═════ Data to examine ═════

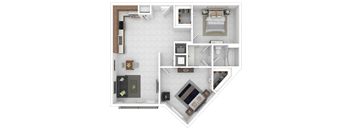 A 3D floor plan of a small apartment with a kitchen, living room, and bedroom.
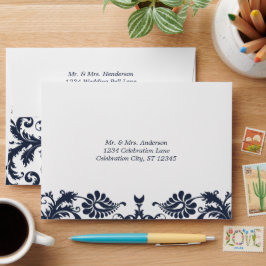 Navy Blue  Victoriaans Damask Enveloppen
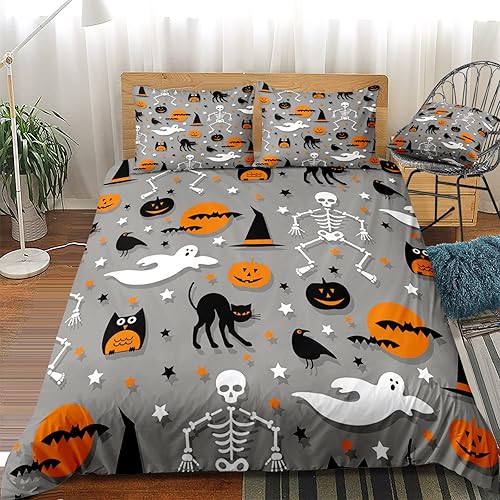 Miniatura 110 de Pumpkin Bedding Halloween Duvet Cover Set Funny Evil Pumpkin Pattern Design Black Halloween Bedding Set Queen 1 Duvet Cover 2 Pillowcases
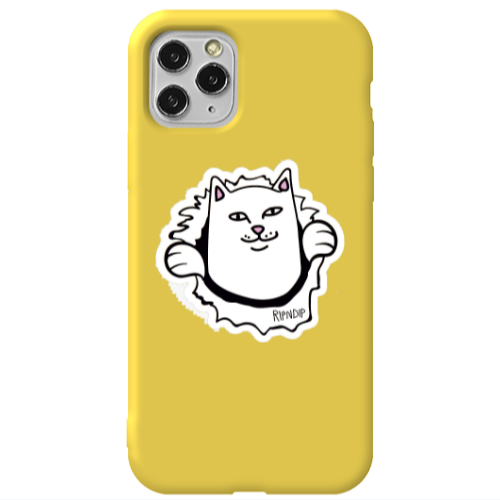 Apple iPhone 11 Pro White cat Yellow Colored Silicone TPU Θήκη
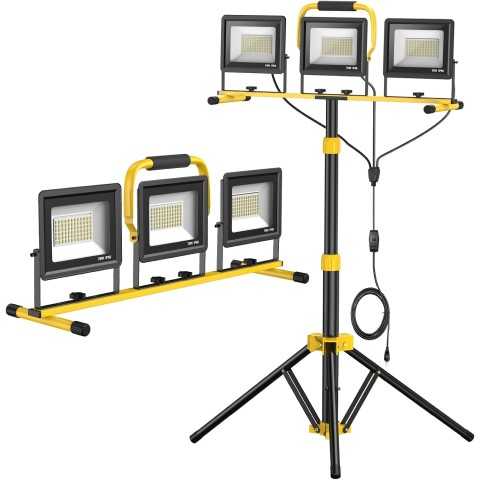 Amazon - Upgraded LED Work Lights with Stand, 21000 Lumen, 3-Head Adjustable Work Light, Waterproof Foldable Tripod, Extended Cord for Outdoor & Indoor Job Sites, Workshops, Construction, Garage Lighting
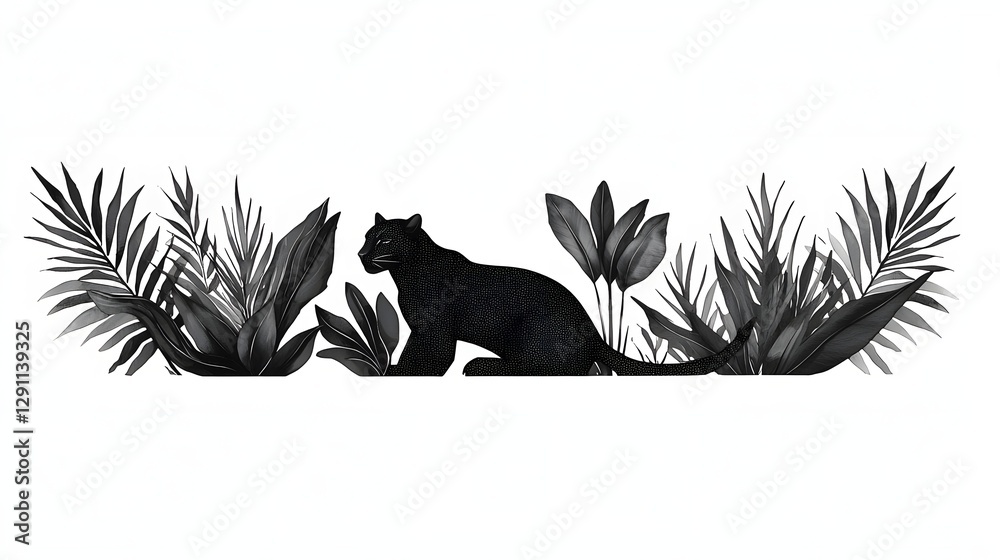 A powerful black panther crouching low in the dense jungle undergrowth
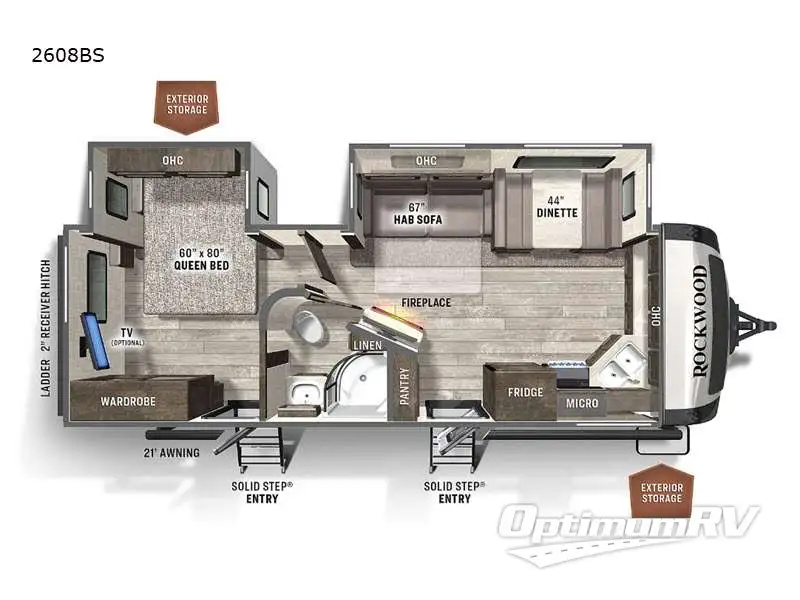 2021 Forest River Rockwood Ultra Lite 2608BS RV Floorplan Photo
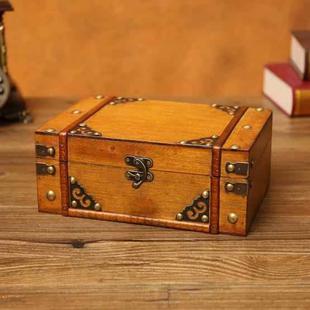 Antique Distressed Cosmetic Storage Box Dressing Table Props For Shooting Scenes，Specification： 6280-01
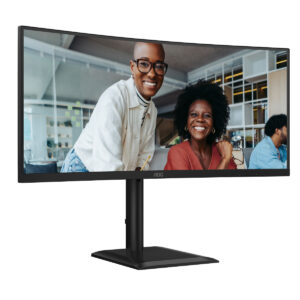 AOC CU34E4CW Curved Office Monitor 34 inch WQHD, height-adjustable, speaker, webcam, black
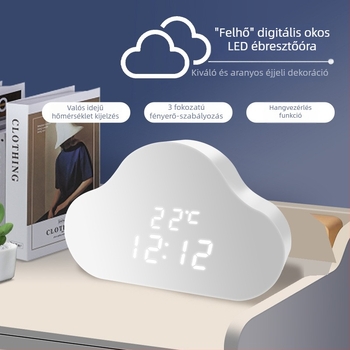 LED digitális okos ébresztőóra csendes működéssel, éjszakai fény, asztali fa óra idő kijelzővel, modern minimalist dizájn.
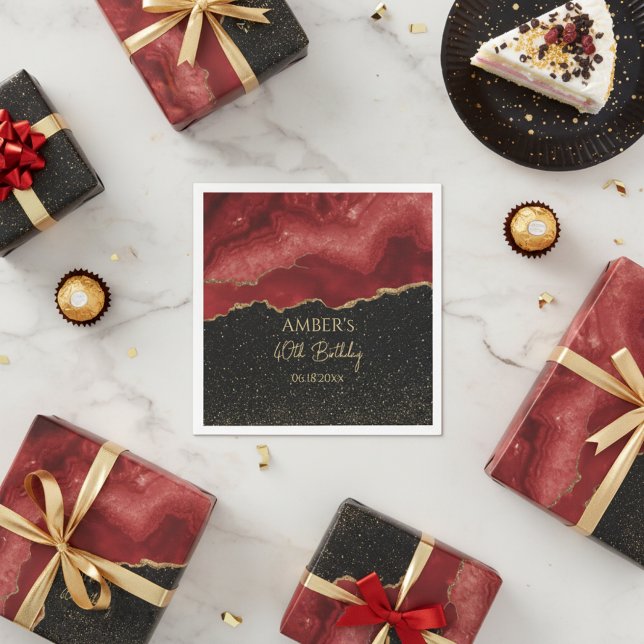 Guardanapo De Papel Burgundy Red Gold Glitter Abstract Watercolor (Criador carregado)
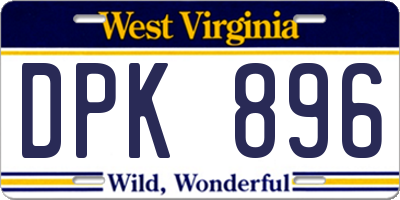 WV license plate DPK896
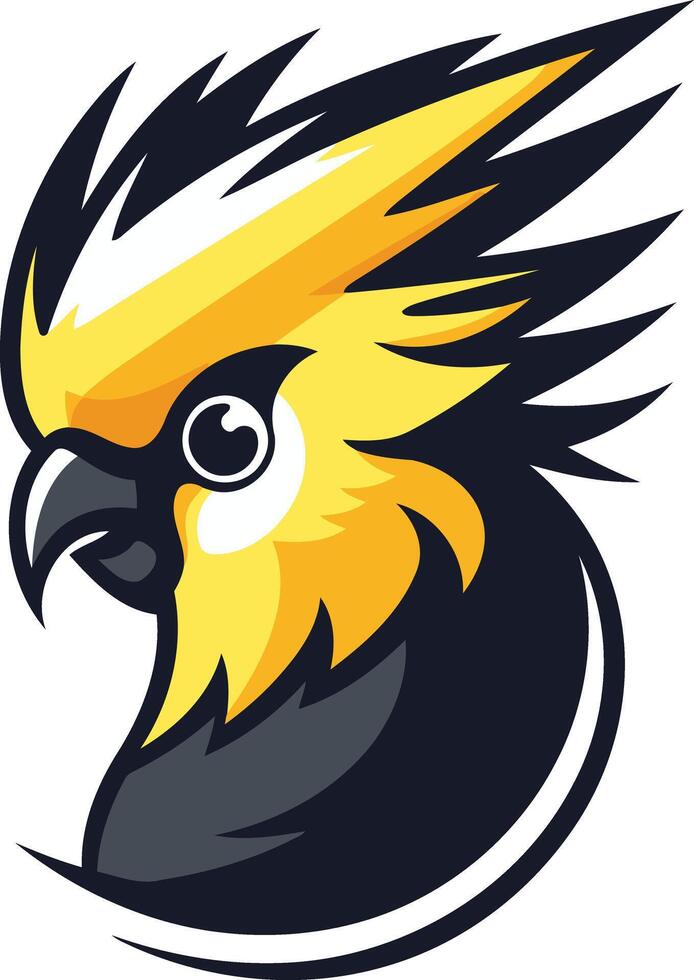 Yellow and Black Cockatoo Mascot Design vector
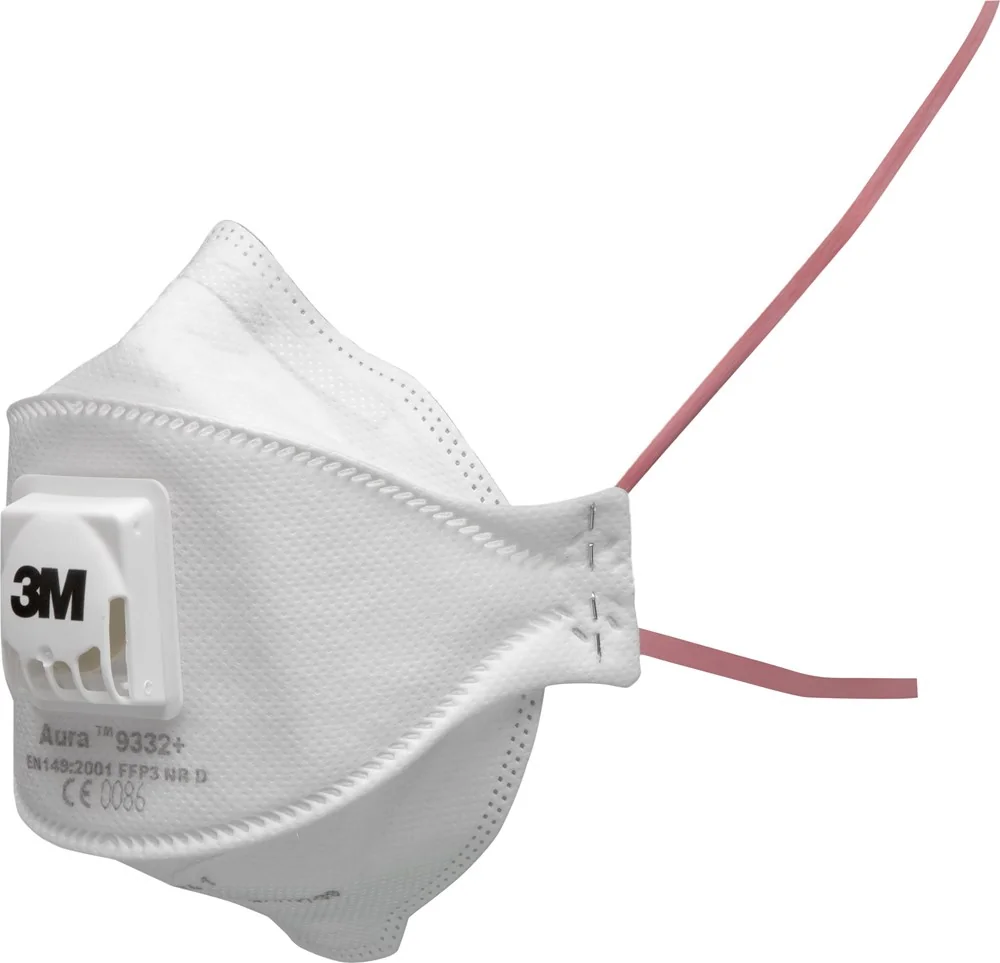 3M Aura Wegwerpstofmasker FFP3, Cool Flow Ventiel 9332+ Wit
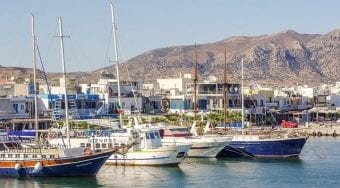 boats docked along Kos waterway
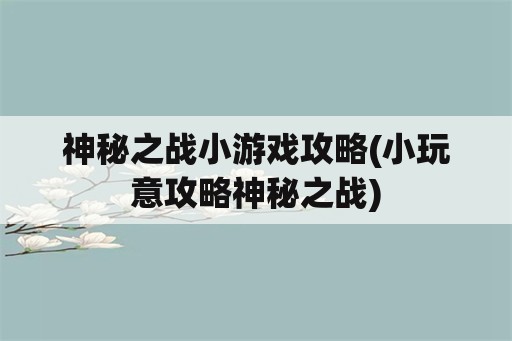 神秘之战小游戏攻略(小玩意攻略神秘之战)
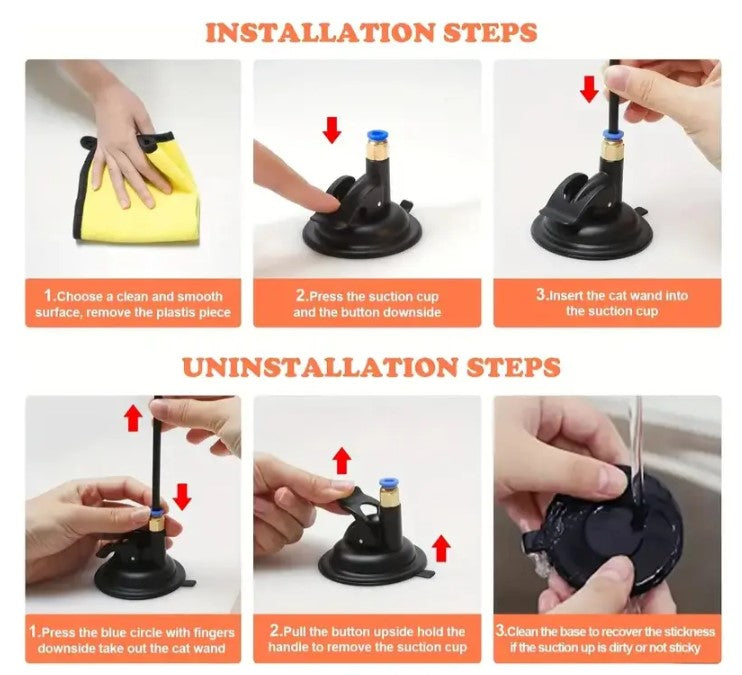 🐾 Juguete de Palo Interactivo con Plumas y Ventosa 3 pcs Para Gatos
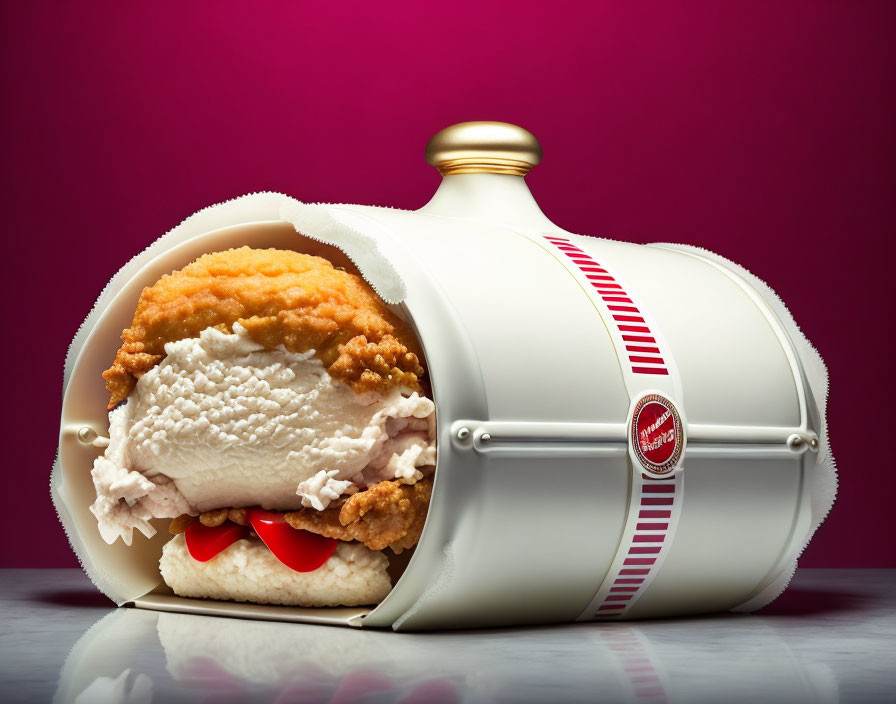 Unique Food Art: Ice Cream Sandwich with Fried Chicken "Ice Cream" in Flask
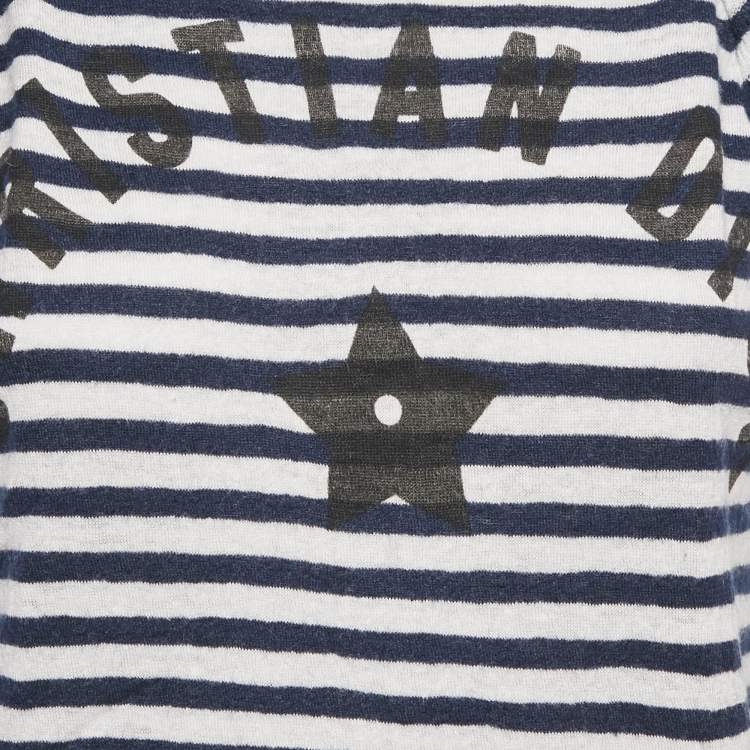 مملوكة مسبقًا Christian Dior Blue Striped Linen Knit Ruffled Sleeve Top M
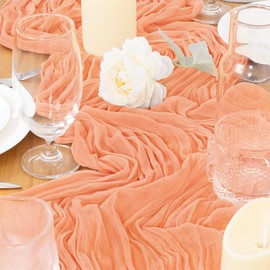 Jimtx 12pcs Peach Cheesecloth Table Runner Fall Cheese Cloth Table Runners 22×120 inch 10FT for Home Farmhouse Wedding Baby Bridal Shower Birthday Party Ceremony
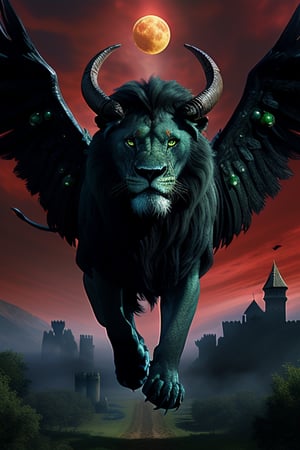 A monstrous creature resembling a male lion, entirely black, with three green-eyed orbs, the central forehead eye larger. It sports four curved goat horns and four immense black feathered wings, soaring above the ground. The scene captures it in mid-air, overlooking the earth, with the backdrop of an ancient castle's ruins nestled in a forest. The sky is a deep crimson, punctuated by three golden moons. The composition is realistic, focusing on the creature's detailed features and the eerie, mystical atmosphere of the setting.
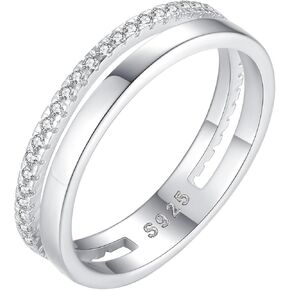 Cubic Zirconia Rings for Women 925 Sterling Silver Stacking Ring Dainty Statement Eternity Band 2 Layered Ring Jewelry Thumb Ring Pinky Ring Birthday Graduation Gifts for Her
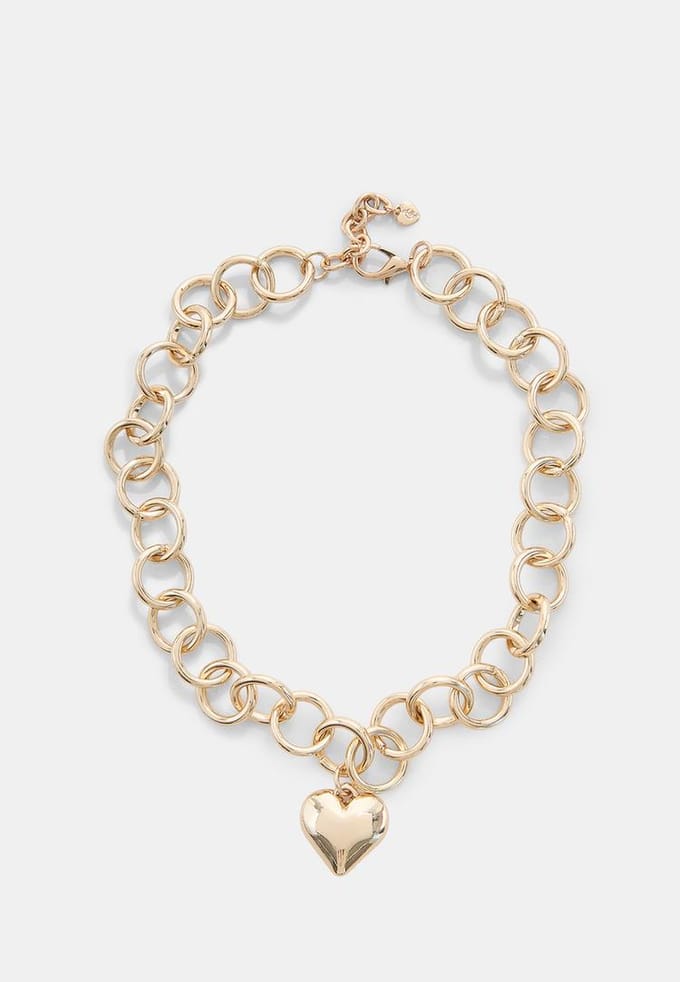 Stradivarius Ketting met hartschakel  Goud OS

═════

## Exercise directions
Quote word for word only the lines above from the one containing "Guardanapo De Papel" through the one containing "A monstrous creature". Pictures stay out of your copy.

## Solved exercise
 Guardanapo De Papel Burgundy Red Gold Glitter Abstract Watercolor (Criador carregado)
 WV license plate DPK896
 Yellow and Black Cockatoo Mascot Design vector
 3M Aura Wegwerpstofmasker FFP3, Cool Flow Ventiel 9332+ Wit
 boats docked along Kos waterway
 神秘之战小游戏攻略(小玩意攻略神秘之战)
 🐾 Juguete de Palo Interactivo con Plumas y Ventosa 3 pcs Para Gatos
 Unique Food Art: Ice Cream Sandwich with Fried Chicken "Ice Cream" in Flask
 مملوكة مسبقًا Christian Dior Blue Striped Linen Knit Ruffled Sleeve Top M
 Jimtx 12pcs Peach Cheesecloth Table Runner Fall Cheese Cloth Table Runners 22×120 inch 10FT for Home Farmhouse Wedding Baby Bridal Shower Birthday Party Ceremony
 A monstrous creature resembling a male lion, entirely black, with three green-eyed orbs, the central forehead eye larger. It sports four curved goat horns and four immense black feathered wings, soaring above the ground. The scene captures it in mid-air, overlooking the earth, with the backdrop of an ancient castle's ruins nestled in a forest. The sky is a deep crimson, punctuated by three golden moons. The composition is realistic, focusing on the creature's detailed features and the eerie, mystical atmosphere of the setting.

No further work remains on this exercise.